As Writefull linguists, we love seeking out language patterns in scientific texts. A good way to do this is to analyze common word combinations to see how words naturally co-occur in texts.
Here we show results of an analysis of nominal groups including an adverb-adjective-noun sequence.

Our analysis

From a dataset of 300 million sentences from published papers, we extracted the most frequent adverb-adjective-noun sequences. An example was 'most important factor'.
The combinations were extracted from their original sentences and the noun elements were lemmatized. This means that counts for sequences such as ‘most important factor’ and ‘most important factors’ were combined.
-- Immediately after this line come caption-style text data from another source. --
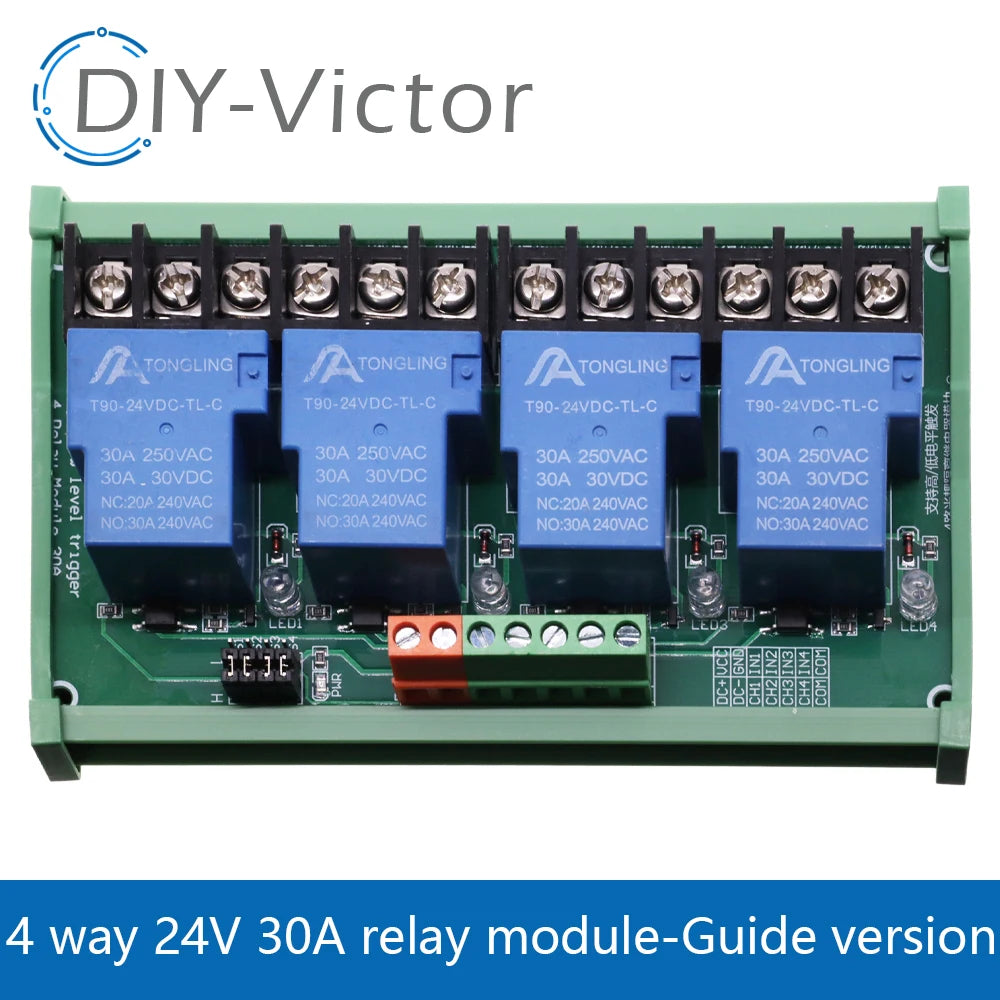 1/2/4 channel relay module 30A with optocoupler isolation 5V 12V 24V supports high and low Triger trigger DC30V/30A AC250V/10A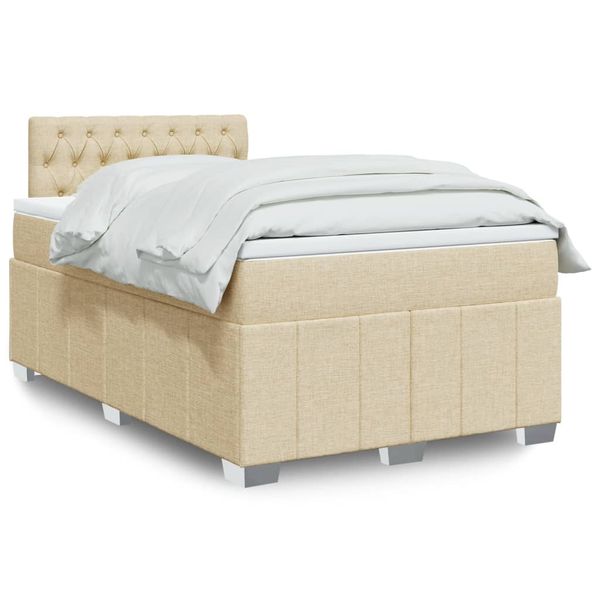 vidaXL Boxspring posteľ s matracom krémový 120x200 cm látka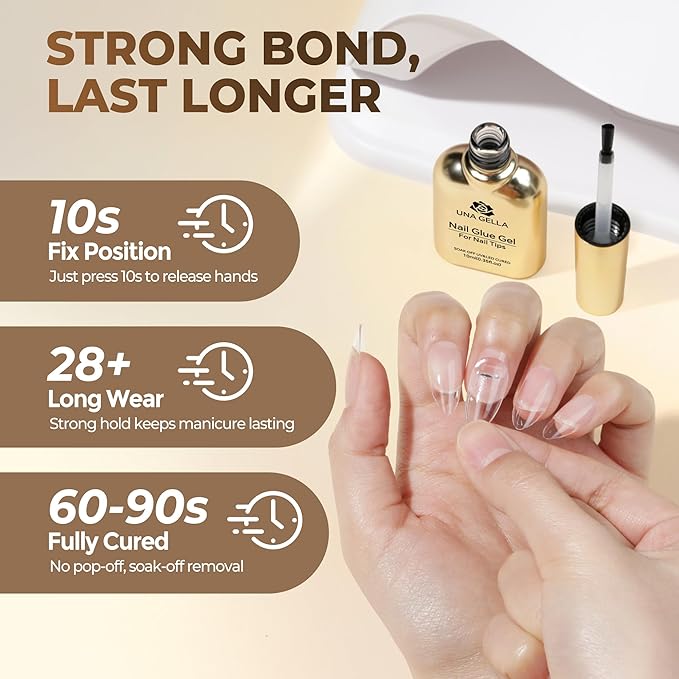 UNA GELLA 9 in 1 Gel Nail Glue for Clear Acrylic Nails Tips 2Pcs 10ml Long Lasting Super Strong Brush on Nail Gel Glue for False Press on Nails Tips Base Blooming Gel, U V Light Required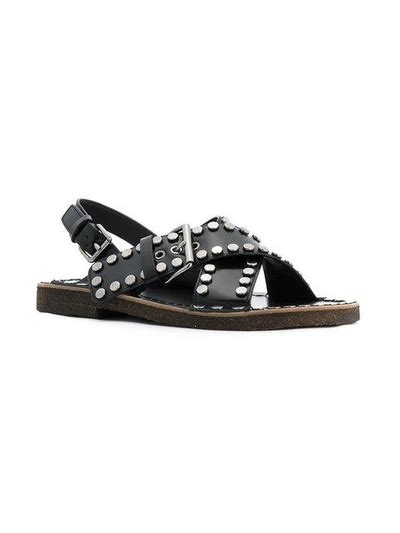 prada metallic sandals|Prada studded pony skin sandals.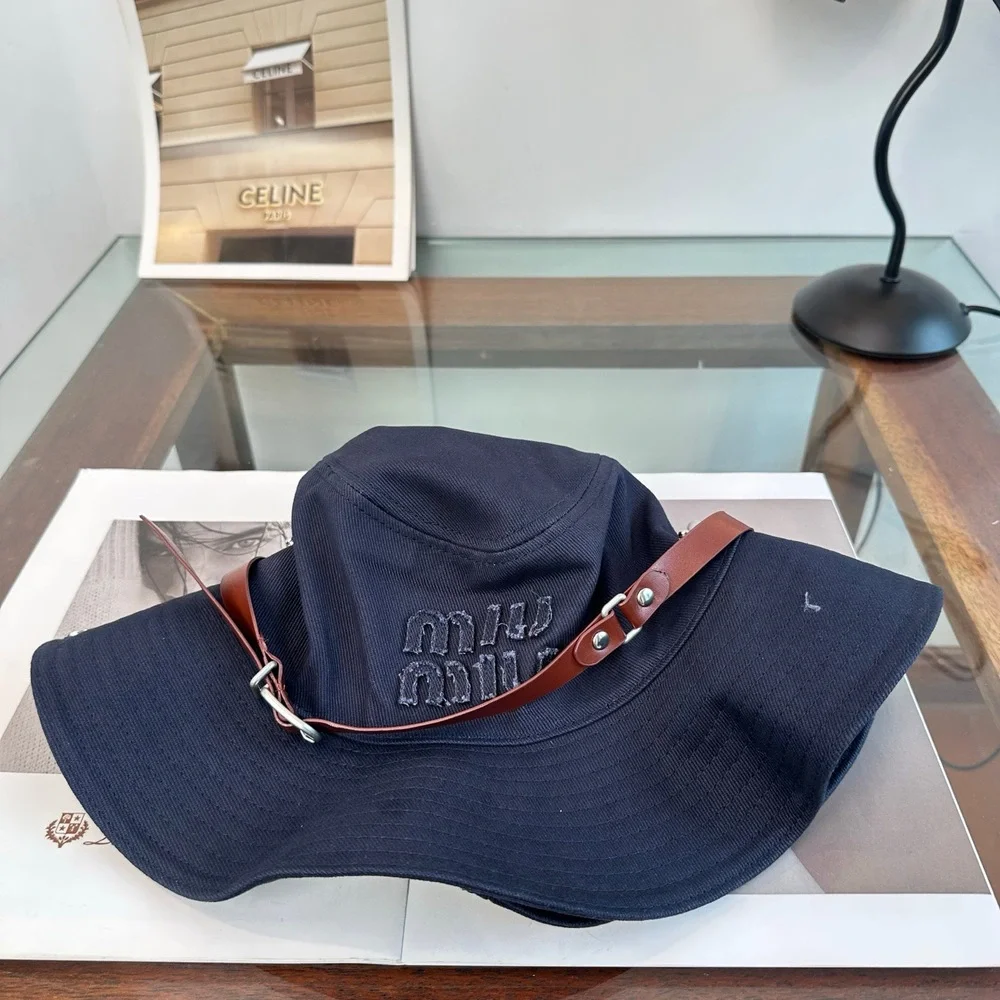 Miu Miu Navy Leather Strap Embroidered Wide Brim Bucket Hat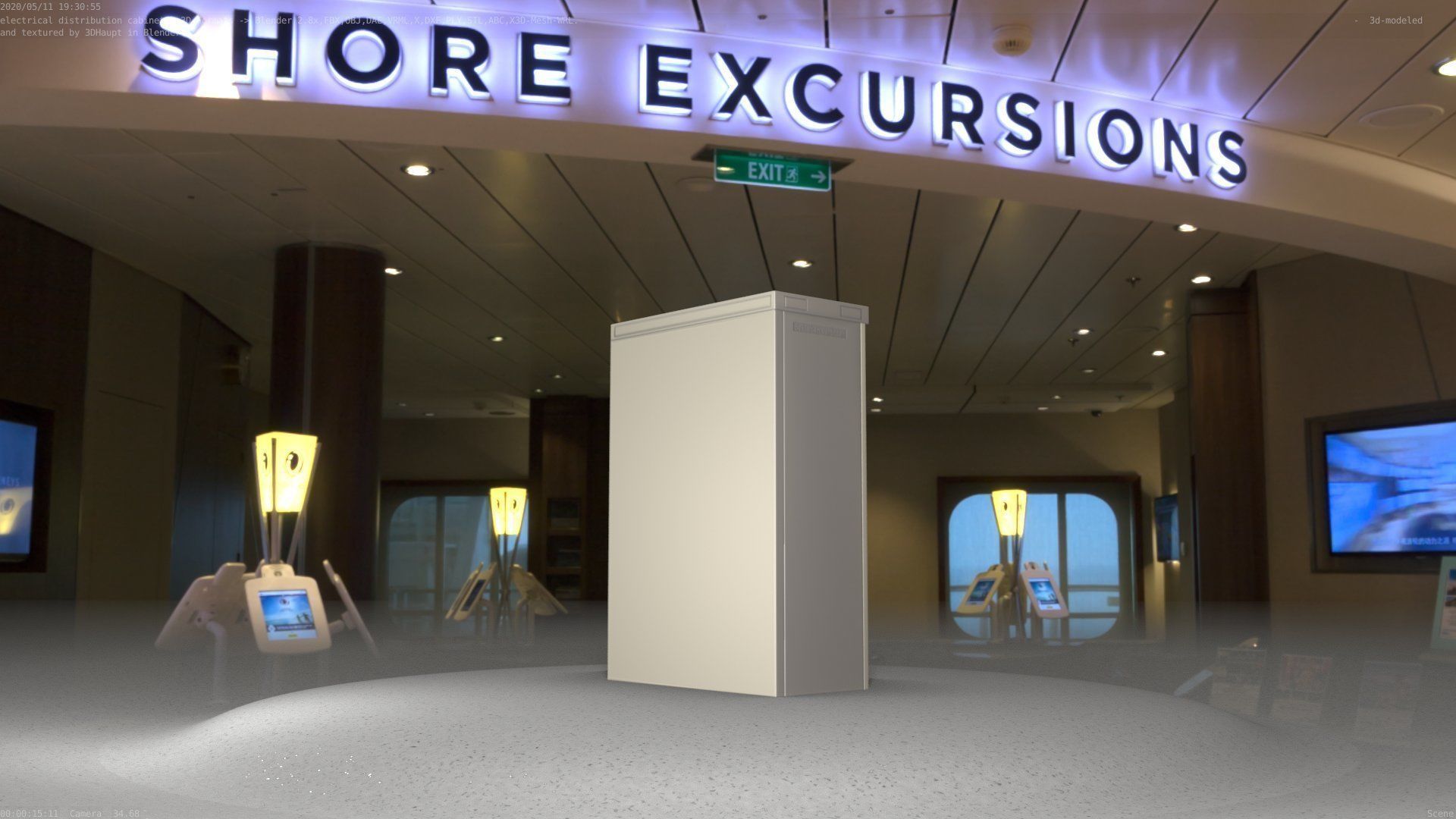 Electrical Distribution Cabinet 4 Low-poly 3D model_71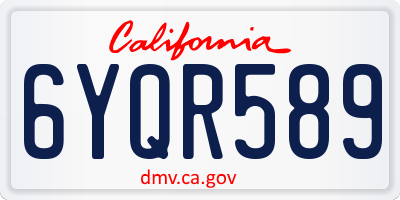CA license plate 6YQR589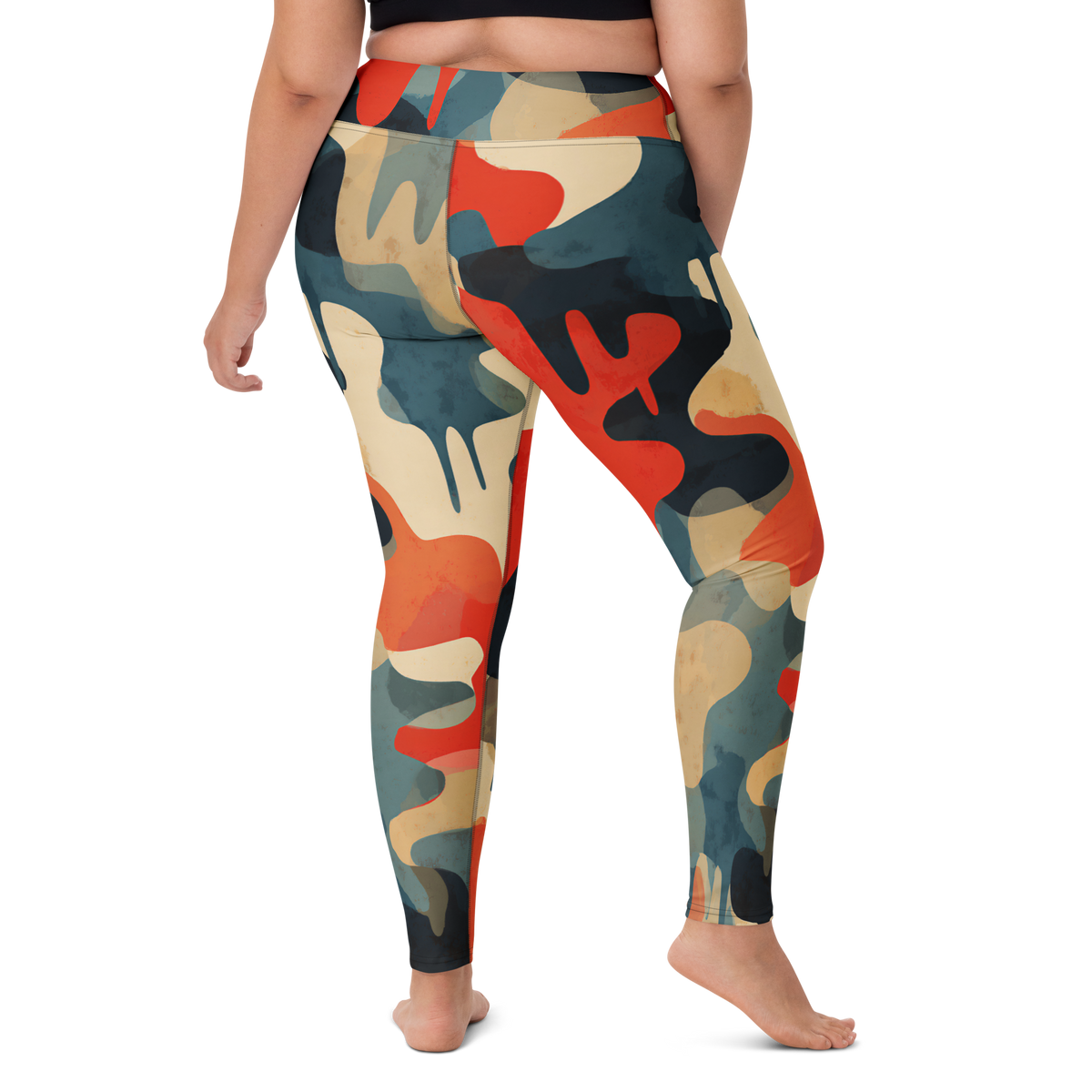 Dripp Tidal Signal camouflage high-waisted yoga leggings, larger-model right-back view.
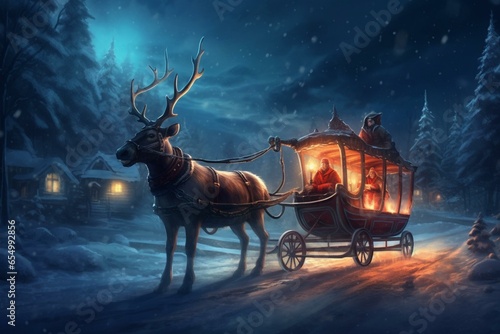festive sleigh ride under moonlit sky with reindeer delivering gifts. Generative AI © Braxton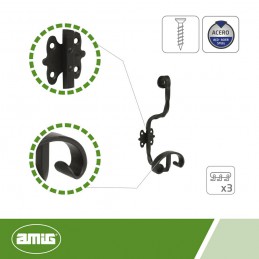 Wieszak ścienny 210mm czarny rustykalny 3-uchwyty mod.102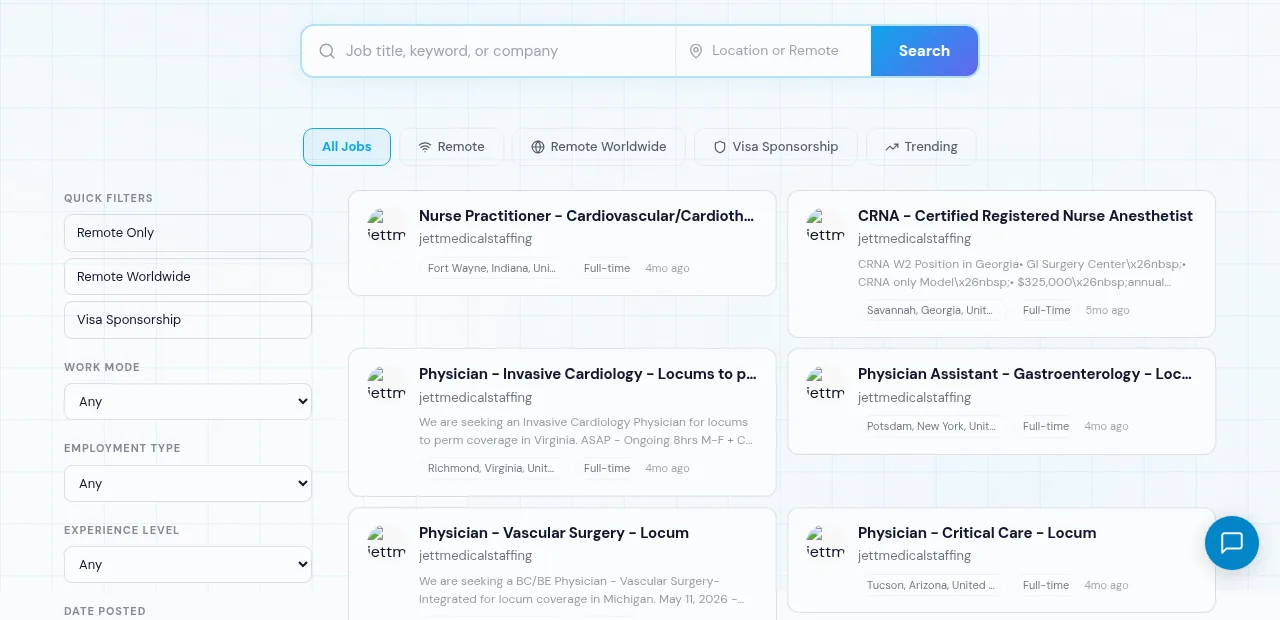 FastApply job board results where every visible posting is stamped 4mo or 5mo ago and one card renders literal &nbsp; escape codes inside a salary line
A cut-off point of at least 500 occurrences in the dataset was chosen for item selection. This ensured that a balance was reached between 1) including the most frequent items and 2) keeping the list short enough as to be meaningful.
We arrived at a list of precisely 20 sequences.

Our findings

Below is a linear dendrogram showing the top 20 adverb-adjective-noun sequences extracted from our database of academic texts. The size of the orange dots next to the noun elements reflects the frequency of each sequence in the corpus. The bigger the dot, the more frequent the sequence.

Three adverbs only (‘statistically’, ‘most’, ‘significantly’) are shown to account for more than three-quarters of the list, each combining with just two adjectives at most.
The sequence ‘statistically significant difference(s)’ has a strikingly large dot, showing its outsize frequency relative to others.
Other notably large dots are ‘most common cause(s)’ and ‘significantly higher level(s)’.

Interestingly, more than half of these top 20 sequences explicitly refer to statistical findings (see lines following ‘statistically’ and ‘significantly’ adverbs). Reporting statistical results, identifying cause-and-effect relationships, quantifying effects in numerical terms, etc, are typical of many research papers across STEM and social sciences. So it isn’t surprising that this should be reflected in the most common adv-adj-noun nominal groups.

All items in this top 20 allude to what we might call ‘research observations’. To observe, carefully and scientifically, is the main task of the researcher.